Are you still with me?

Now let’s apply this model to the service industry. Big corporation who was using said service provider loves their service provider. They tell the service provider how much they love them. But then one day the big-wigs at X corporation go to the service provider and say, “We don’t want to pay you what we were paying you anymore. Instead, we’re going to pay you XXX for this service – no more  than that – and we’ll give you all of our business. But if you can’t do it for that price, we are finding a different service provider.”  Service provider is barely surviving in an economy that is putting a lot of small businesses out of business. Cutting prices means they have to find some way to cut back in operating expense in order to service their customer. Since they can’t sacrifice the safety of their equipment or the legal necessities of doing business, or do anything about the rising fuel and energy costs – the only place they can cut is in employees. The problem there being you can’t pay slave wages here and you can’t outsource to another country.

There two main reasons for not being able to pay slave wages here: 1. It’s illegal. 2. The cost of living in the U.S. requires American workers to at least be able to make a minimum wage in order to survive with the basic necessities (like food, shelter, etc…). That’s why the minimum wage exists.

The next option is to cut all employee benefits if there are any.
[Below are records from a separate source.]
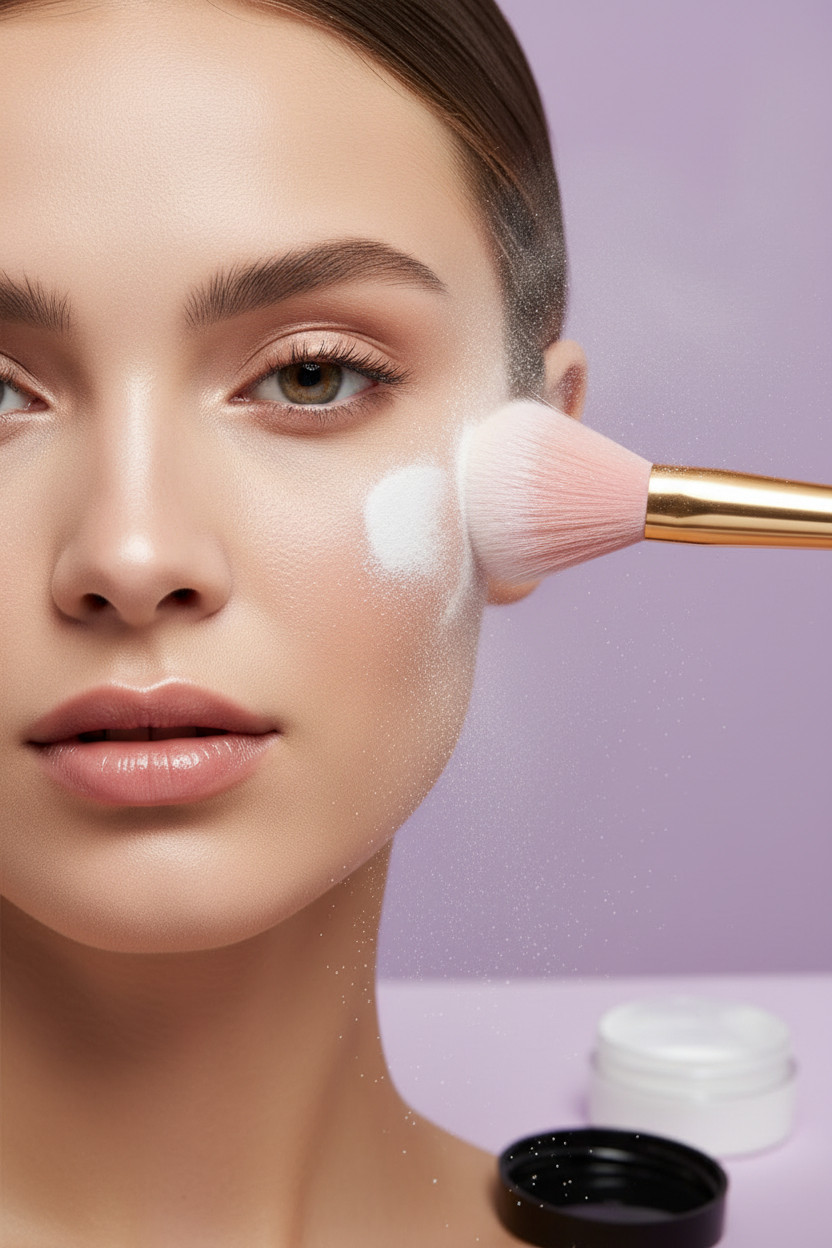 Lifestyle shot of translucent setting powder being applied to model face for airbrushed finish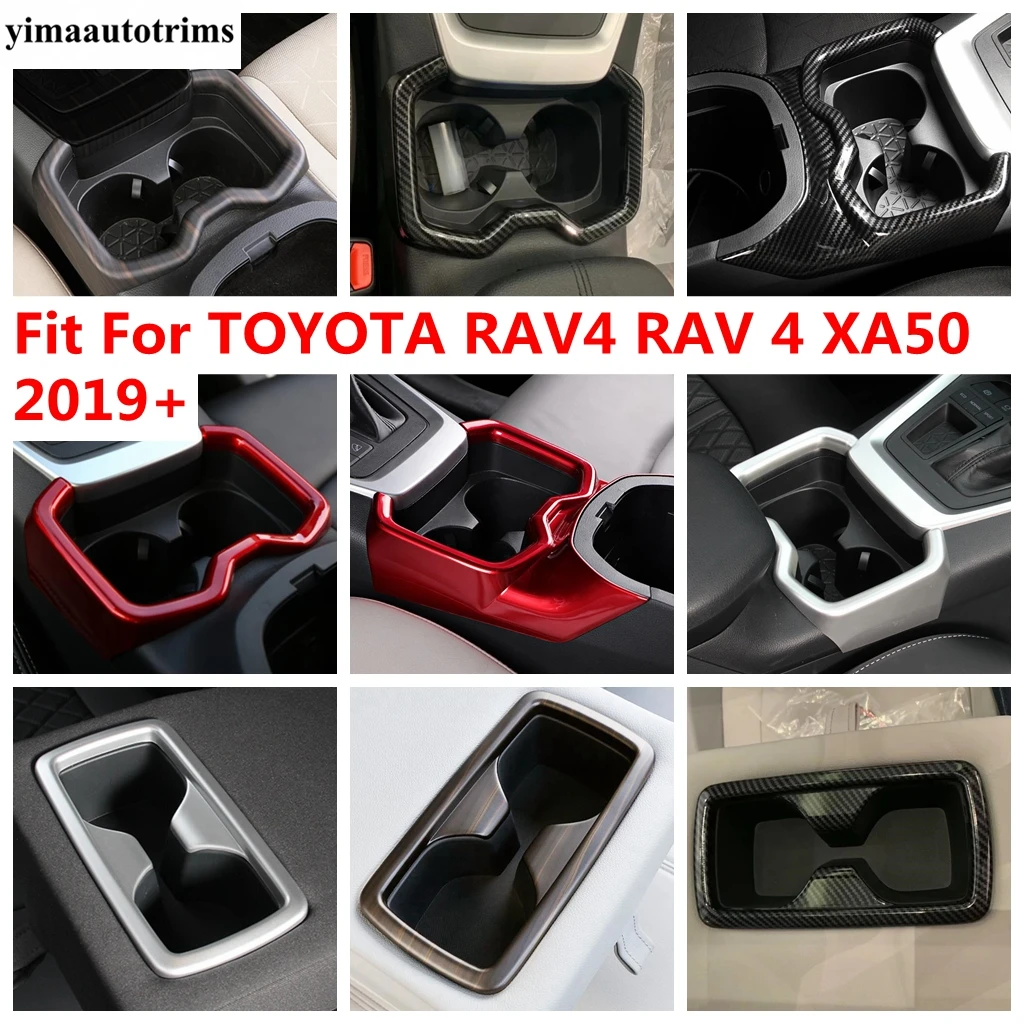 Central Control Front Water Bottle Drink Cup Holder Decor Panel Cover Trim Accessories For TOYOTA RAV4 RAV 4 XA50 2019 - 2023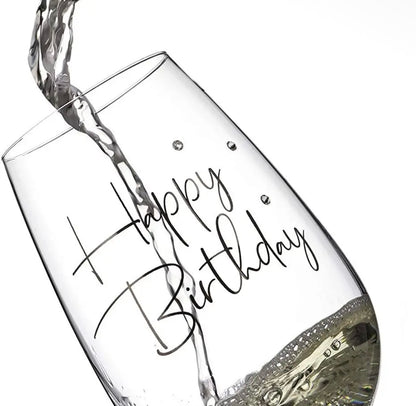 Diamante Swarovski "Happy Birthday" Wine Glass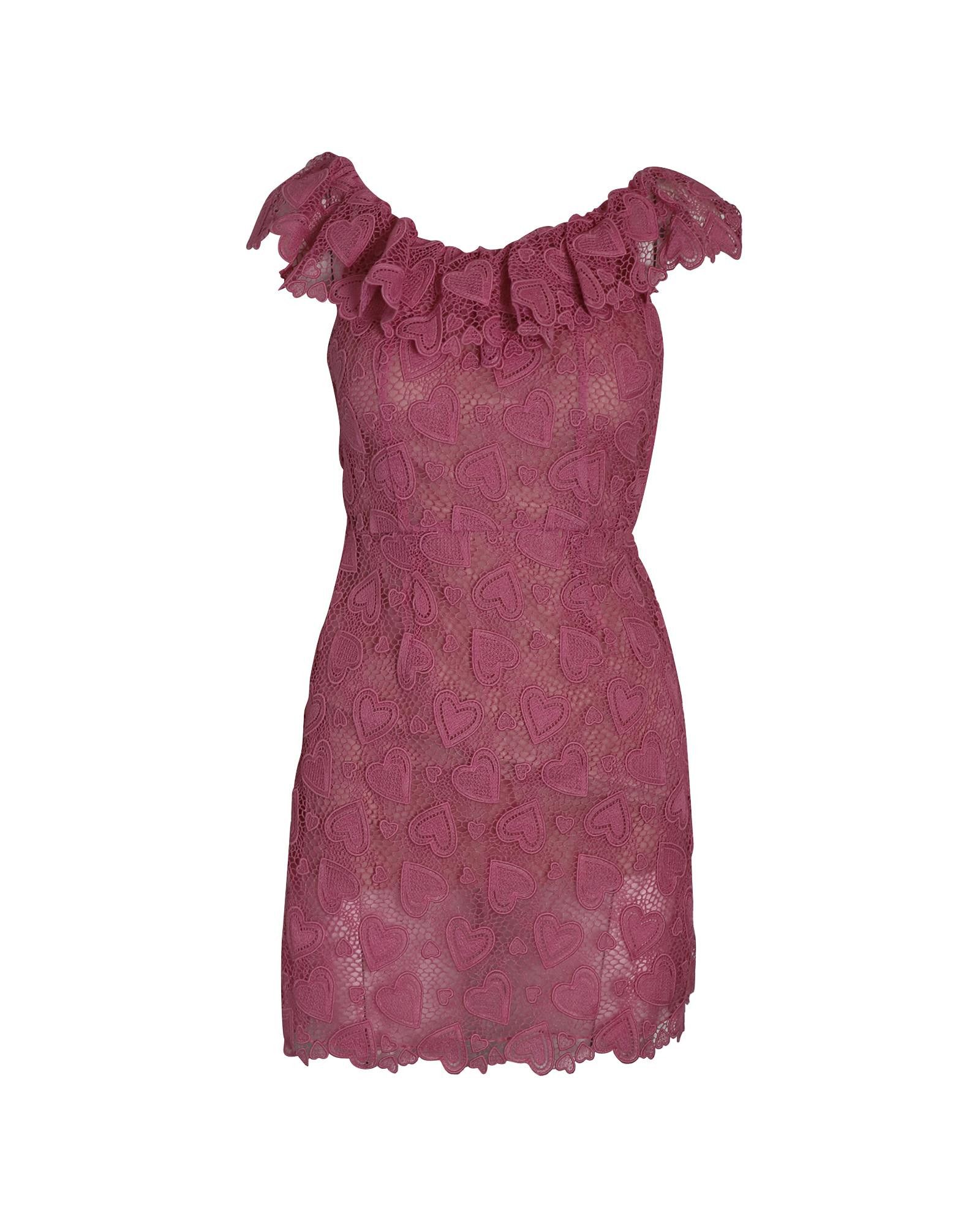 image of Miu Miu Heart-Macrame Lace Mini Dress In Pink Cotton, Women's (Size XS)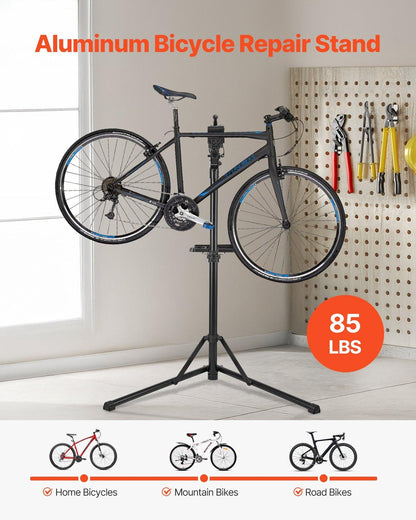 Bike Repair Stand, 38.56 kg Heavy-duty Bicycle Work Stand with 1035-1630 mm Adjustable Height & Magnetic Tool Tray, Foldable Bicycle Maintenance Rack, Shop Home Mechanics for Mountain & Road Bike.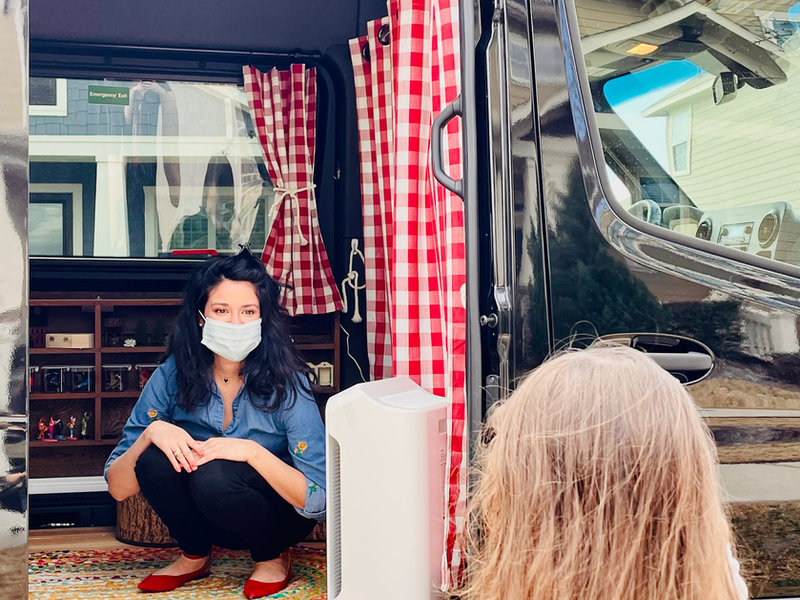 HEPA air purifier inside the mobile therapy office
If this doesn’t work, the company either has to stop servicing the account, which may mean a layoff anyway, or go out of business – which amounts to more jobs lost.  Yeah – they could start doing things illegally (which really isn’t an option if you’re a law abiding citizen).

Either way – service is going to suffer.  Chances are that particular service business is going to go out of business and more American jobs will be lost anyway.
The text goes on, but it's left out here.